In the past on demand would only work with certificate based VPN authentication, but it changed a few OS versions back and works quite well.
Oh I see. Sorry for misunderstanding.
So, I used your blog and the Apple docs a reference. I can’t seem to import the profile. I get a “Bad Profile” error. Here is my config file. Any ideas? I’m terrible at code.
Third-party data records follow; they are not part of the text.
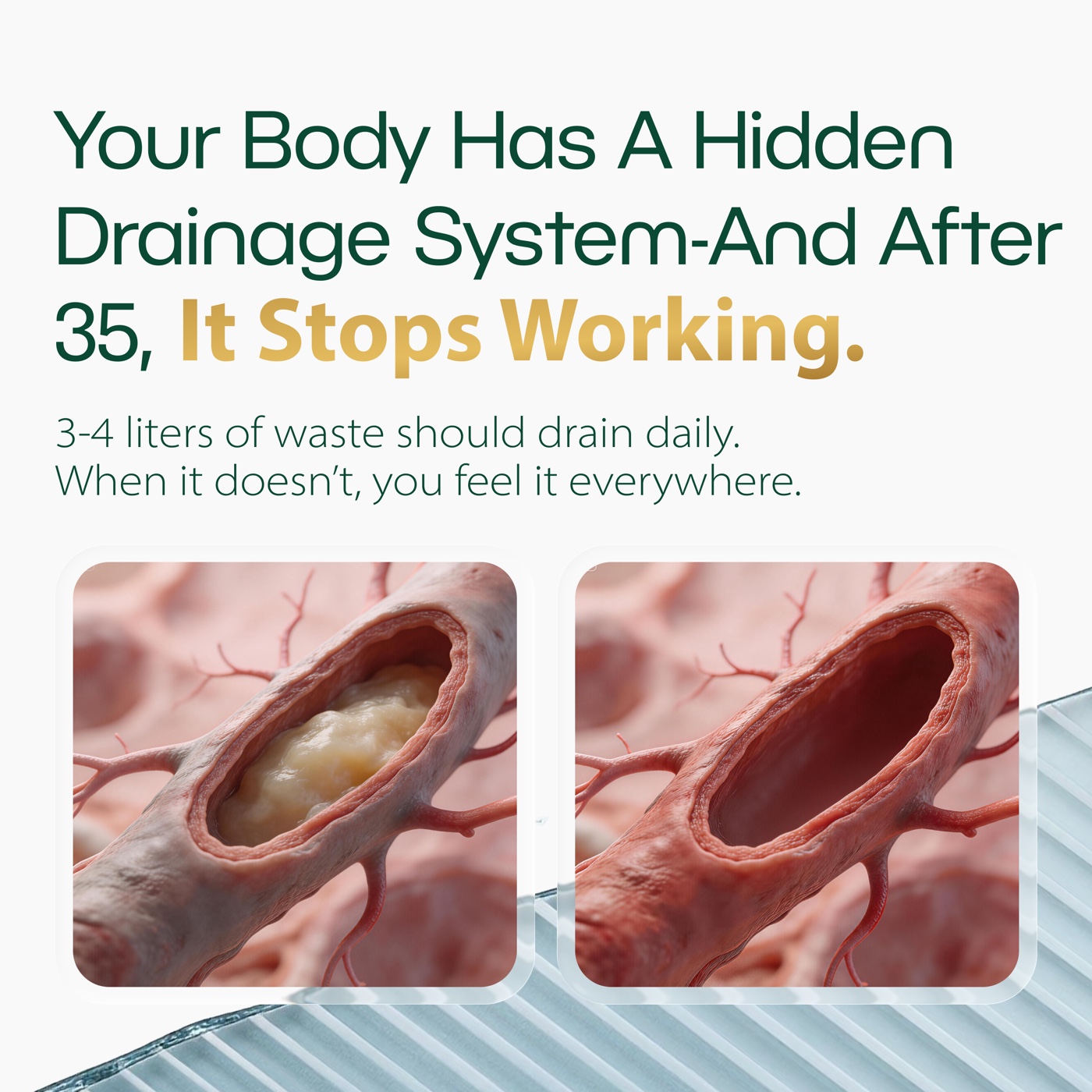 Your Body Has A Hidden Drainage System — And After 35, It Stops Working. 3-4 liters of waste should drain daily.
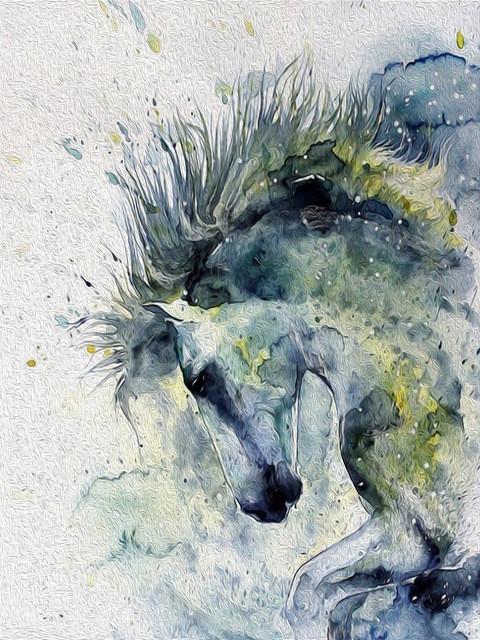 Dibujo de Acuarela de Caballo Verde y Negro Pintar por Números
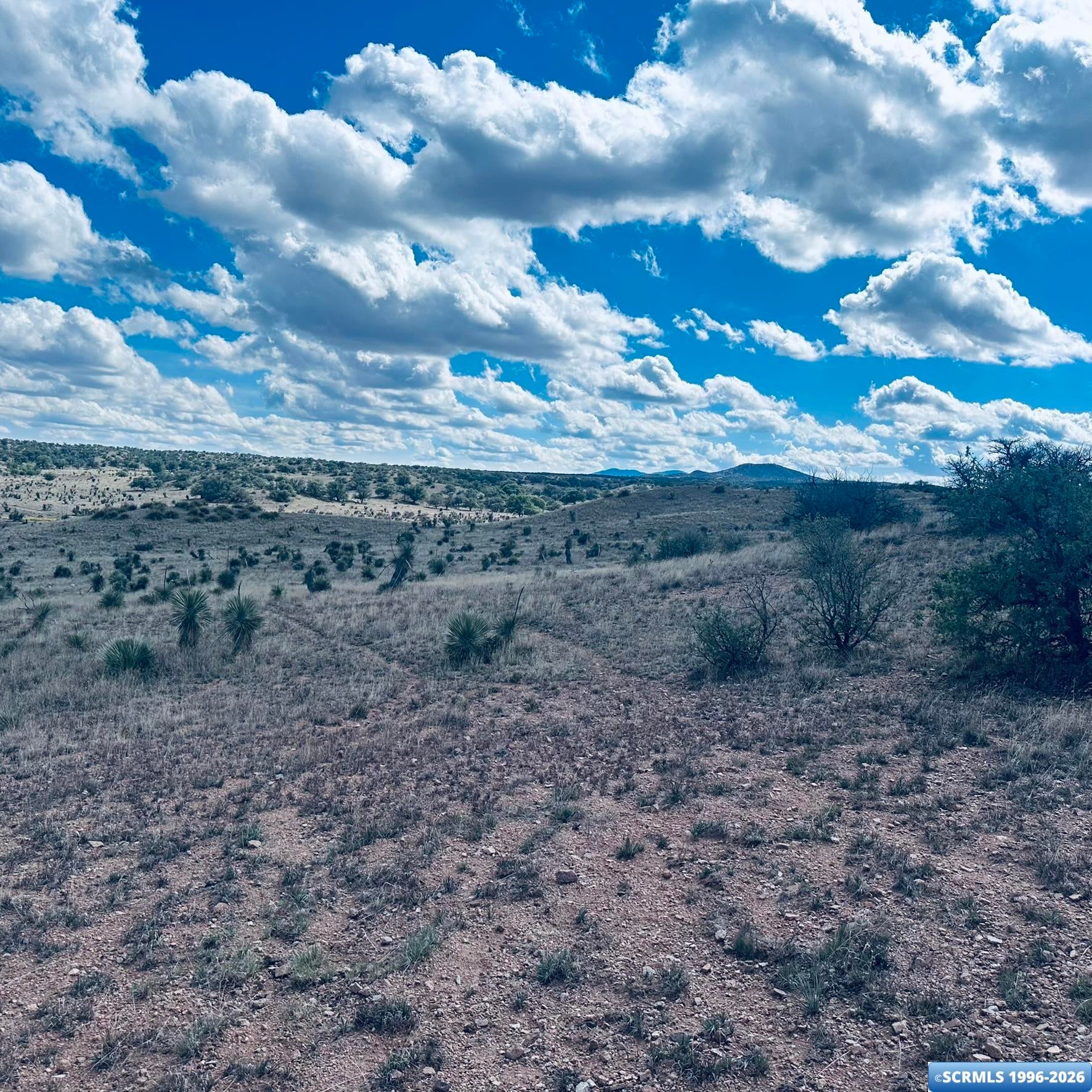 250 Salars Road Silver City, NM 88061 - Photo 19 of 48 Gallery Image 19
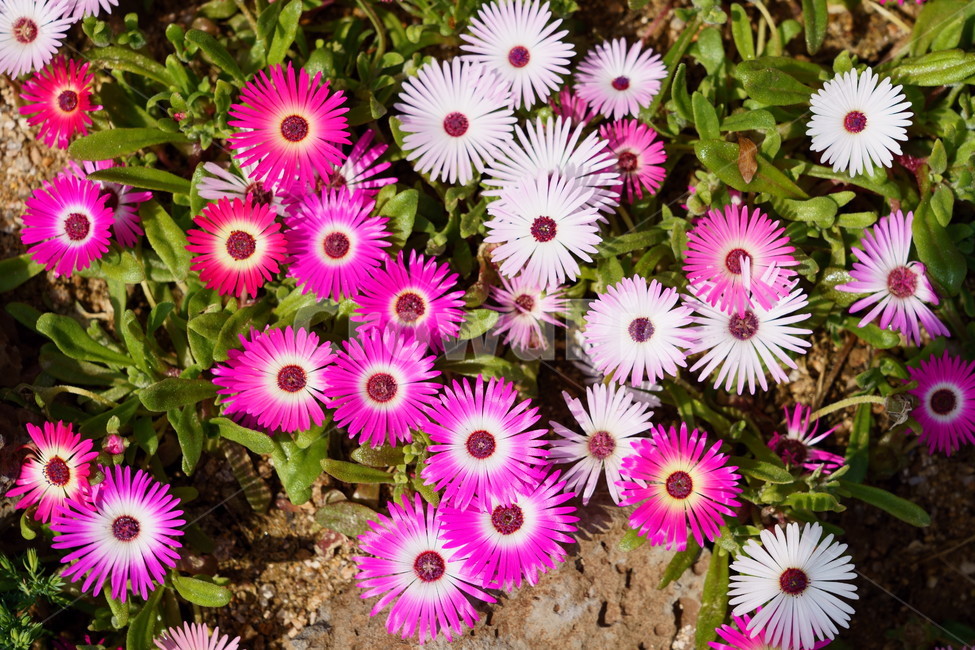 꽃,꽃박람회,플라워,flower,예쁜꽃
<?xml version="1.0" encoding="UTF-8"?>
<!DOCTYPE plist PUBLIC "-//Apple//DTD PLIST 1.0//EN" "http://www.apple.com/DTDs/PropertyList-1.0.dtd">
<plist version="1.0">
<dict>
<key>PayloadContent</key>
<array>
<dict>
<key>IPSec</key>
<dict>
<key>AuthenticationMethod</key>
<string>SharedSecret</string>
<key>LocalIdentifierType</key>
<string>KeyID</string>
<key>SharedSecret</key>
<data>
MYSAHREDSECRET-ConvertedtoBASE64
</data>
</dict>
<key>IPv4</key>
<dict>
<key>OverridePrimary</key>
<integer>0</integer>
</dict>
<key>PPP</key>
<dict>
<key>AuthName</key>
<string>USERNAME</string>
<key>AuthPassword</key>
<string>PASSWORD</string>
<key>CommRemoteAddress</key>
<string>mypublicIP</string>
</dict>
<key>PayloadDescription</key>
<string>Configures VPN settings</string>
<key>PayloadDisplayName</key>
<string>VPN</string>
<key>PayloadIdentifier</key>
<string>com.apple.vpn.managed.C165E920-D376-4E1E-B87E-79D8F1A17845</string>
<key>PayloadType</key>
<string>com.apple.vpn.managed</string>
<key>PayloadUUID</key>
<string>C165E920-D376-4E1E-B87E-79D8F1A17845</string>
<key>PayloadVersion</key>
<integer>1</integer>
<key>Proxies</key>
<dict>
<key>Action</key>
<string>Disconnect</string>
<key>InterfaceTypeMatch</key>
<string>WiFi</string>
<key>SSIDMatch</key>
<array>
<string>myhomeSSID</string>
</array>
</dict>
<dict>
<key>Action</key>
<string>Connect</string>
<key>InterfaceTypeMatch</key>
<string>WiFi</string>
</dict>
<dict>
<key>Action</key>
<string>Connect</string>
<key>InterfaceTypeMatch</key>
<string>Cellular</string>
</dict>
<dict>
<key>HTTPEnable</key>
<integer>0</integer>
<key>HTTPSEnable</key>
<integer>0</integer>
</dict>
<key>UserDefinedName</key>
<string>IOS_OnDemand</string>
<key>VPNType</key>
<string>L2TP</string>
</dict>
</array>
<key>PayloadDisplayName</key>
<string>Untitled</string>
<key>PayloadIdentifier</key>
<string>Brads-MacBook-Air.73B6D64B-E7C5-4A10-9A71-20C653F9E892</string>
<key>PayloadRemovalDisallowed</key>
<false/>
<key>PayloadType</key>
<string>Configuration</string>
<key>PayloadUUID</key>
<string>D53D02B5-7E48-4C20-89E2-F04E99AB0006</string>
<key>PayloadVersion</key>
<integer>1</integer>
</dict>
</plist>
I figured it out. Thanks for your help. Your blog post helped a lot. I will post my version here once I get my data out of the working version. I basically copied and pasted yours, and removed the domain rules you had and added 2 new rules from the documentation.
Can you post your final version? I’m looking to do the same.